This means, our spaceship will have to tune to a lower frequency to receive the signal.
Now that you have tuned your TV to the correct frequency to receive the broadcast, there is still one more annoying thing to deal with. A television picture is nothing but successive screen refreshes (of so many frames per second). Since a second is longer in your moving spaceship than it is on earth, you will be seeing the same frame persist over a longer period of time. This will make the broadcast seem discontinuous. In order for the broadcast to seem continuous, earth’s broadcasting station will need to broadcast at a higher refresh rate. This rate is calculated by multiplying the K factor with the original refresh rate.
For e.g. – if the original refresh rate was set to be 30 frames per second – and the K factor = 1.5 (the ratio of the spaceship interval and the earth’s time interval), then the broadcasting station will need to broadcast at 45 frames per second for the broadcast to appear continuous.
Of course, a simpler solution would be to use digital video recorders – and buffer the frames as they are received. Then, just play them back at 30 frames per second from the recorded buffer. This would leave the original broadcast frequency at 30 frames per second.
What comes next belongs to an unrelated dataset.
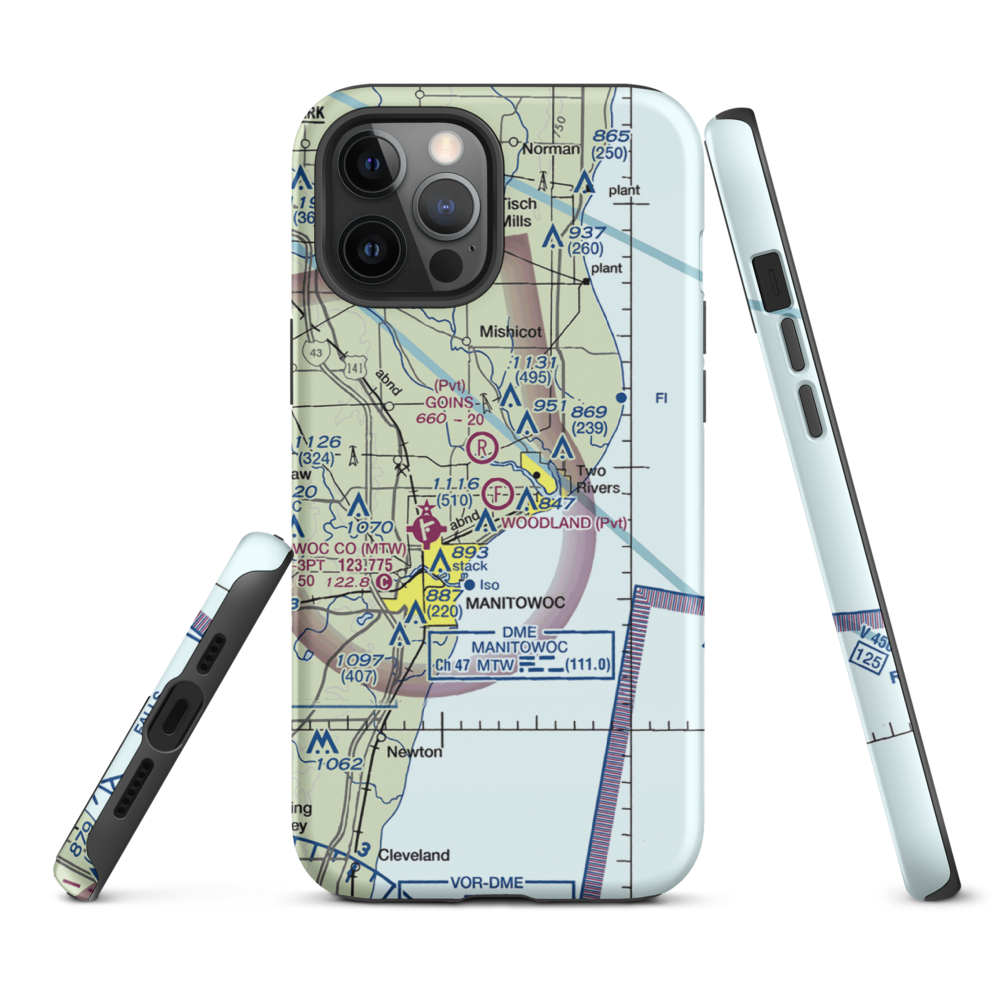 Woodland Airstrip (3WN7) VFR Sectional  Tough iPhone Case iPhone 12 Pro Max model shown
If you are ever stuck on a spaceship moving away from the earth at relativistic speeds, and have arranged for your favorite TV shows to be broadcast to you from earth, you will need to have the above two calculations handy. The first one (frequency of received broadcast) determines the channel to which you will have to tune your own TV (a lower frequency than the one being broadcast – due to the doppler effect). The second phenomenon (slower screen refresh rate) is caused by time dilation – causing measured intervals on the moving spaceship to be longer than those on earth. This can be addressed by buffering received frames and playing them back at the regular 30 frames per second.